This site shares findings from the Democratic Theorizing Project and puts them up for debate.
What is life?
What is life? This is a huge question! I explore this question through democratic theorizing in conversation with the Black Lives Matter movement. Here, I will briefly summarize the result of this exploration. This notion of life does not aspire to universality. It is rooted in the experience of oppression and the struggle for liberation of Black people in the US and in my own interpretations.
At its core, life is pure existence – a presence whose source is unspeakable and even unknowable. A simple being beyond comprehension. This existence manifests itself in an individual perspective. As humans, we come into being as corporeal creatures. Being our bodies and located in a specific physical and societal context – a country, a family, a class – we look at the world in a particular way. We always perceive the world through our bodily senses and our socialized and cultivated minds. We can never perceive it otherwise.[i] This perception is shaped, in many ways, by our particular intersection of nationality, race, gender, class, sexuality, age and bodily ability. We learn to live our lives through socialization and identification.
This implies a certain rootedness of life, but not its fixity.
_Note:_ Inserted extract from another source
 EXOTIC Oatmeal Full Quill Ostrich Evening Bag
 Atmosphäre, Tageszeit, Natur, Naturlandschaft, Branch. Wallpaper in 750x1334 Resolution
On the contrary, living means that this perspective, whose existence is unknowable, is constantly evolving. How we perceive the world is not predetermined. It changes with every moment of our lives. We wield agency in the process of identification, however limited this agency might be. To a certain extent, we have a choice whom we associate with, the groups we join, the jobs we take, the books we read, the TV shows we watch and the people we follow on social media. Life, then, is a process of life-making. We constantly produce our own perspective. Much of the time, we reproduce it, moving in established patterns. However, on occasions, we also break out of these patterns. Whether life-making takes a more linear or disruptive form, it is always an active process that entails choices, that entails potential for change. It is a continuous process of becoming.
Life-making as becoming means forming connections, both in a physical and in a social sense. Living is the process of connecting and disconnecting. From connecting in sexual intercourse to cutting the umbilical cord, from growing up in a family to moving out, from joining political groups to moving on to new alliances, life is connectivity. Connections in societal and political spheres are made through empathy, the attempt to understand and experience other perspectives. In summary, life is an ongoing process of life-making, of becoming, by creating one’s own ever changing perspective, through connections with other perspectives.
[i] Of course, mirrors or television are tools, used to see different things or see things differently, but we are only able to perceive these media through our own bodily senses.